## What to work on
Please reproduce all of the data exactly as it appears, but skip the pictures.

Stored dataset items
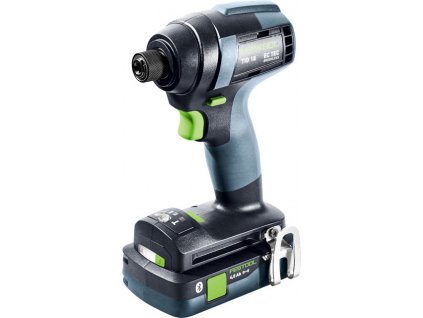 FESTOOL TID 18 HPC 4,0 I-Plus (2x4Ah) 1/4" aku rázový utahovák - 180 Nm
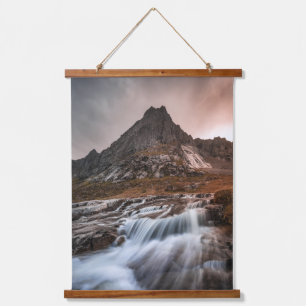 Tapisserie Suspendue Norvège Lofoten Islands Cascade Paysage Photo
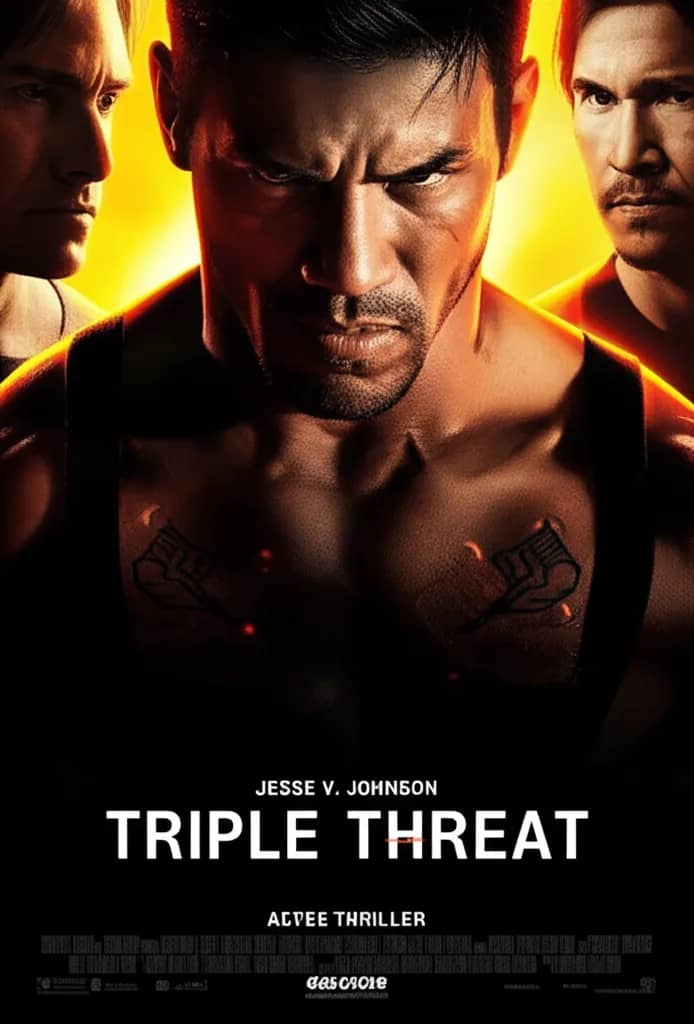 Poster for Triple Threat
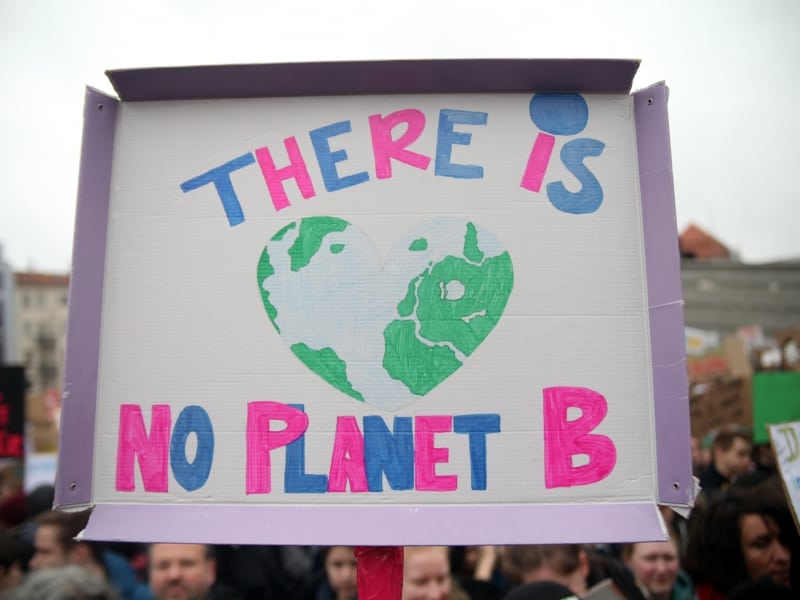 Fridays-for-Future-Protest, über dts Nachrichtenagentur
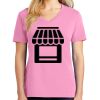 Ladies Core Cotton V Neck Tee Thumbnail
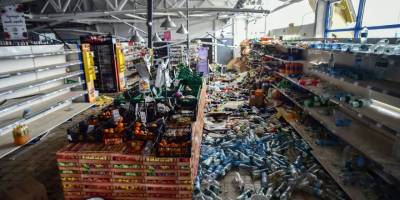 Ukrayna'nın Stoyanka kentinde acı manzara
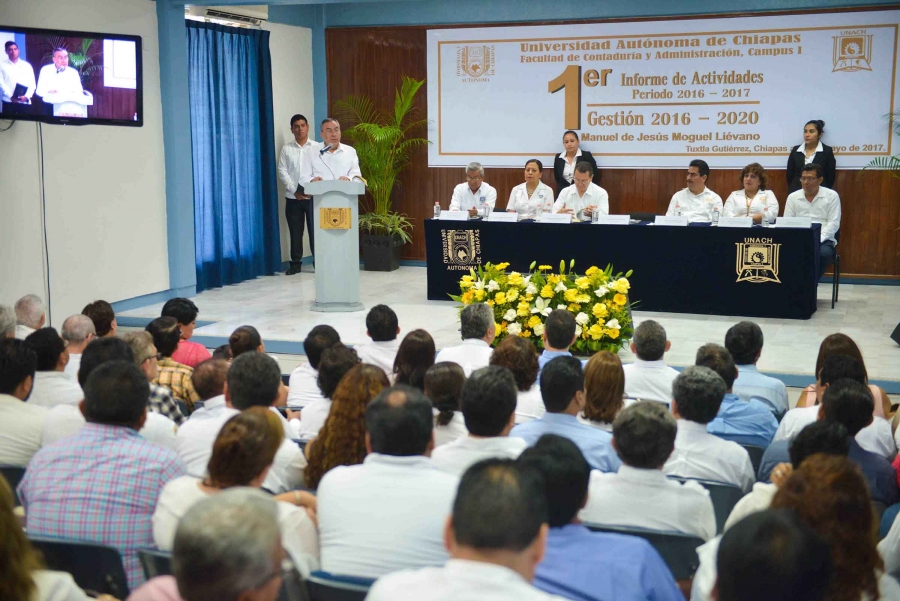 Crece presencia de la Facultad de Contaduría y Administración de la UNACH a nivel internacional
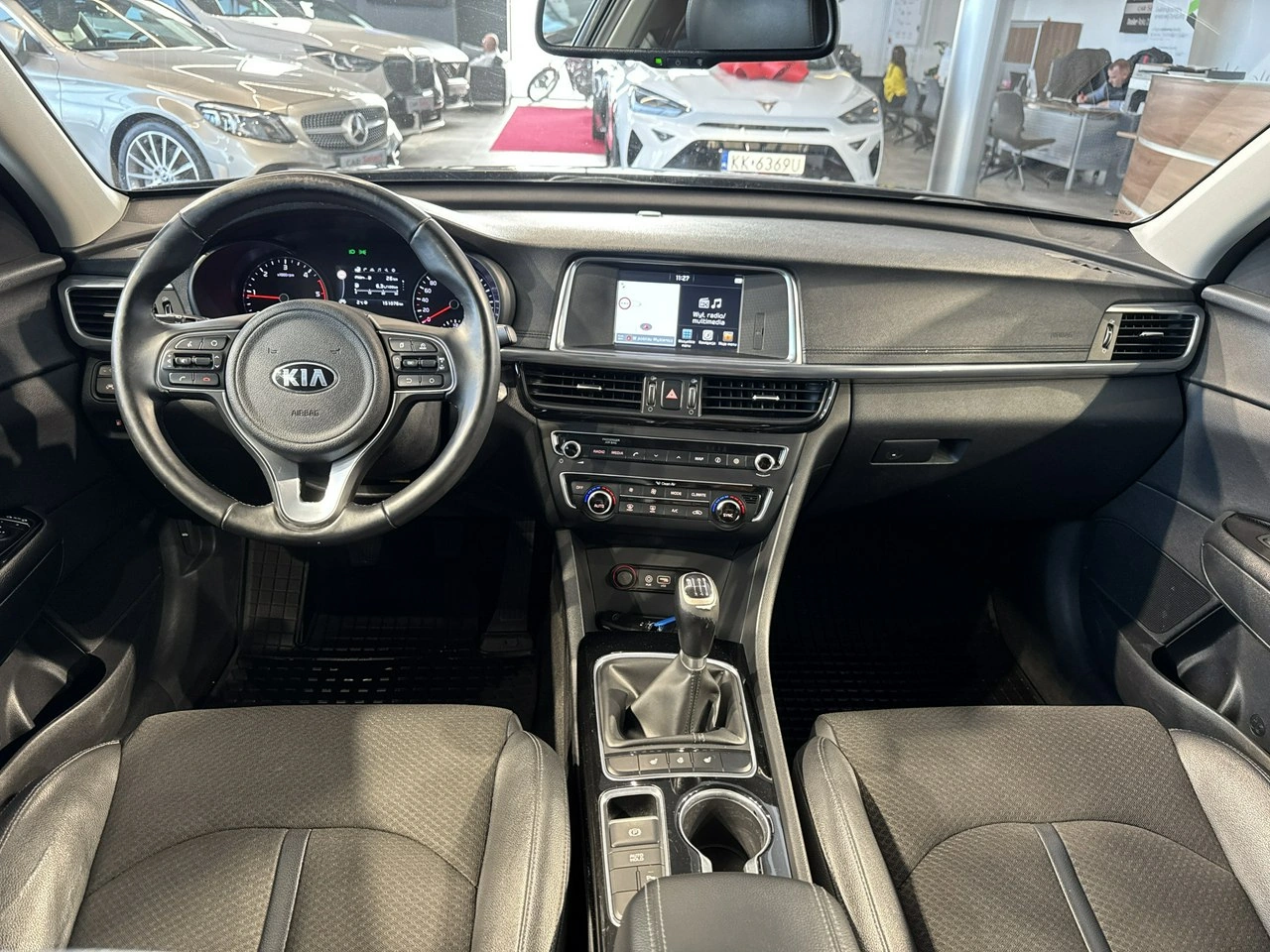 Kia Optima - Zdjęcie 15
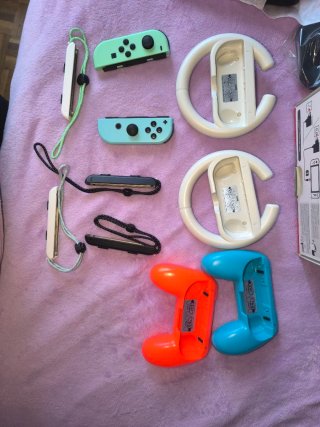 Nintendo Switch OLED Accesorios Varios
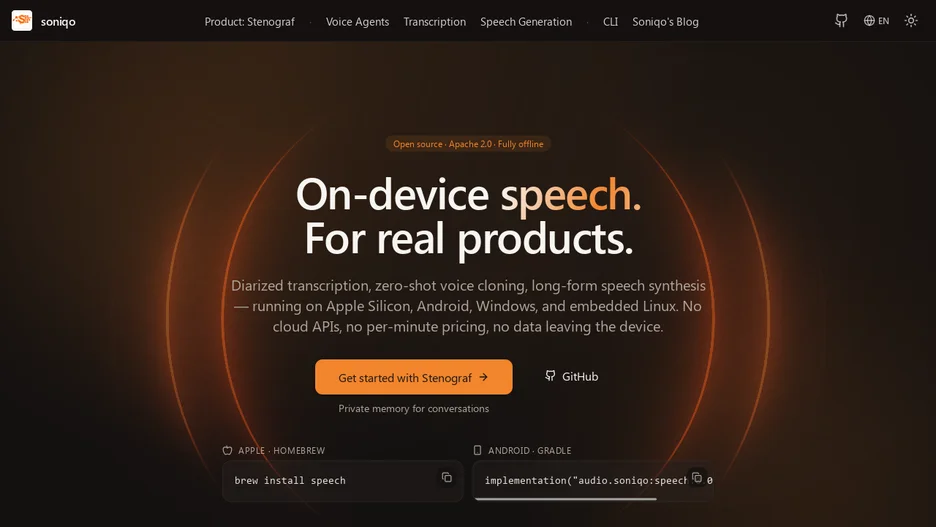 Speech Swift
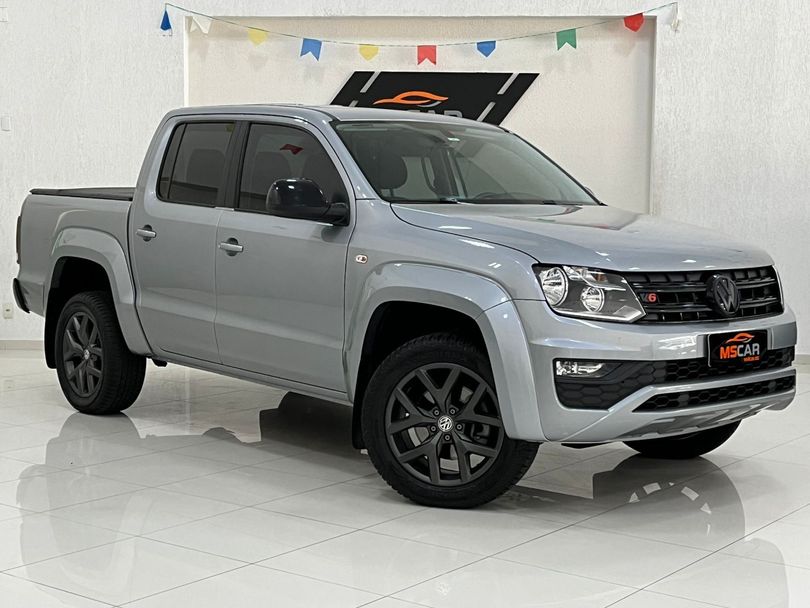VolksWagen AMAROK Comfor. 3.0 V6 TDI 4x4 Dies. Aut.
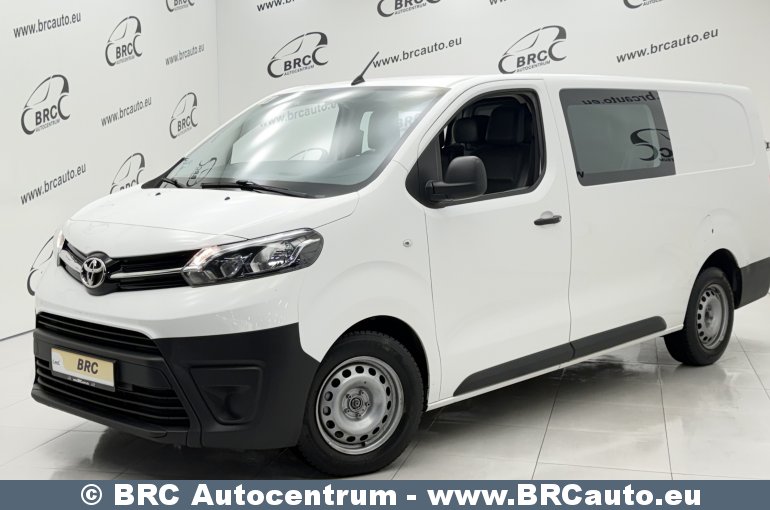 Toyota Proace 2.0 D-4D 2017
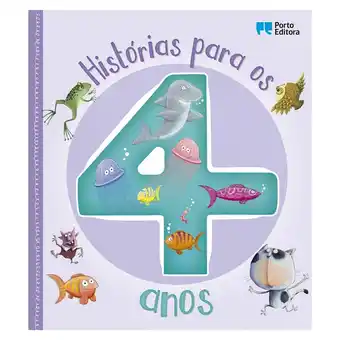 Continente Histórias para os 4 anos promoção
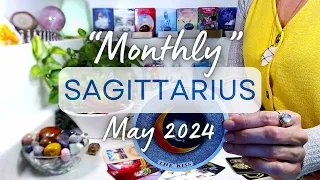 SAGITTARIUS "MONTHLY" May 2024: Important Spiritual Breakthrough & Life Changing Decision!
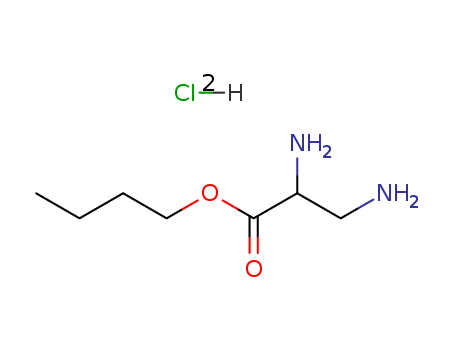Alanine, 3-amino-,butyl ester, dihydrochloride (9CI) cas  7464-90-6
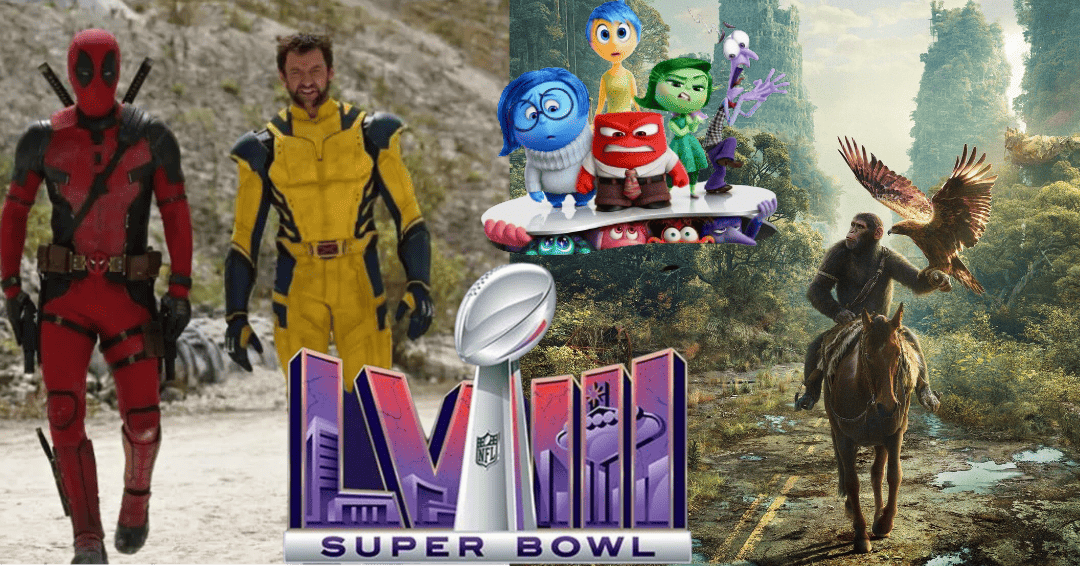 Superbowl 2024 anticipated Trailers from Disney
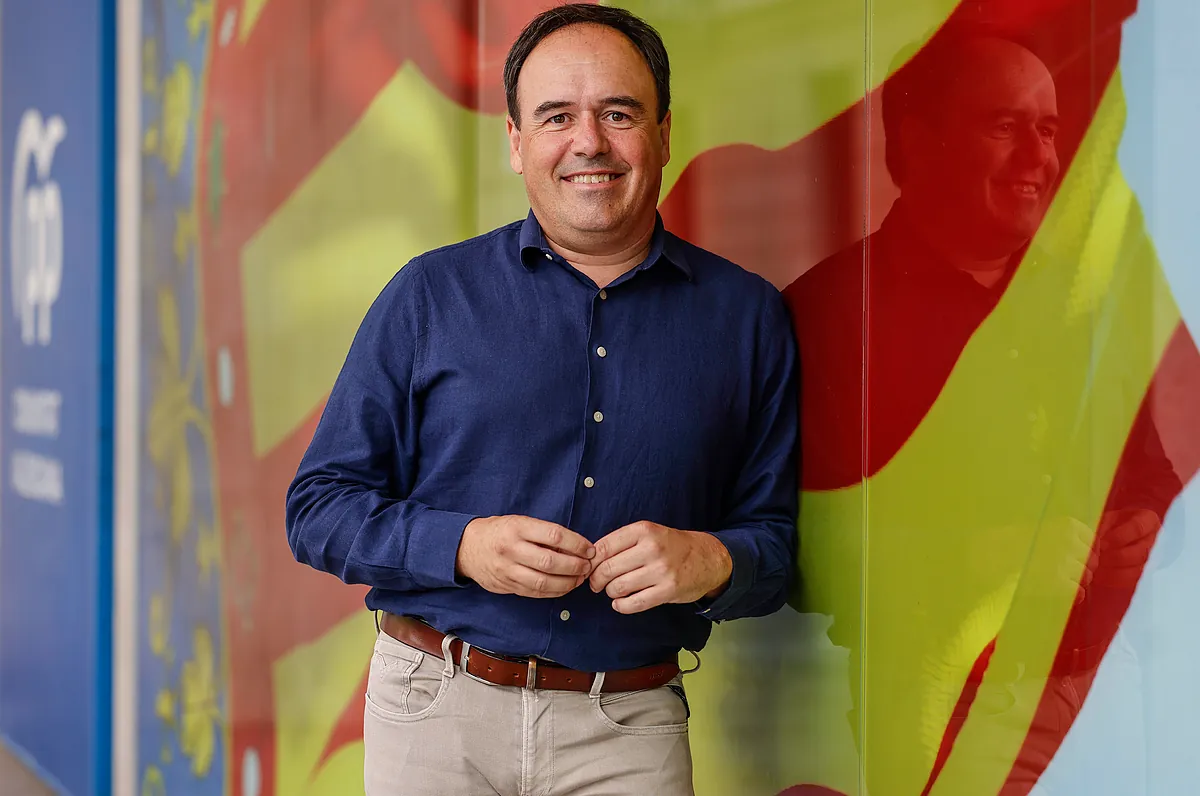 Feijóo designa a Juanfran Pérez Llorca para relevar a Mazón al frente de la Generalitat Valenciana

## Output below
 FESTOOL TID 18 HPC 4,0 I-Plus (2x4Ah) 1/4" aku rázový utahovák - 180 Nm
 Tapisserie Suspendue Norvège Lofoten Islands Cascade Paysage Photo
 Poster for Triple Threat
 Fridays-for-Future-Protest, über dts Nachrichtenagentur
 Ladies Core Cotton V Neck Tee Thumbnail
 Ukrayna'nın Stoyanka kentinde acı manzara
 Crece presencia de la Facultad de Contaduría y Administración de la UNACH a nivel internacional
 Kia Optima - Zdjęcie 15
 Nintendo Switch OLED Accesorios Varios
 Speech Swift
VolksWagen AMAROK Comfor. 3.0 V6 TDI 4x4 Dies. Aut.
 Toyota Proace 2.0 D-4D 2017
 Continente Histórias para os 4 anos promoção
 SAGITTARIUS "MONTHLY" May 2024: Important Spiritual Breakthrough & Life Changing Decision!
Alanine, 3-amino-,butyl ester, dihydrochloride (9CI) cas  7464-90-6
 Superbowl 2024 anticipated Trailers from Disney
 Feijóo designa a Juanfran Pérez Llorca para relevar a Mazón al frente de la Generalitat Valenciana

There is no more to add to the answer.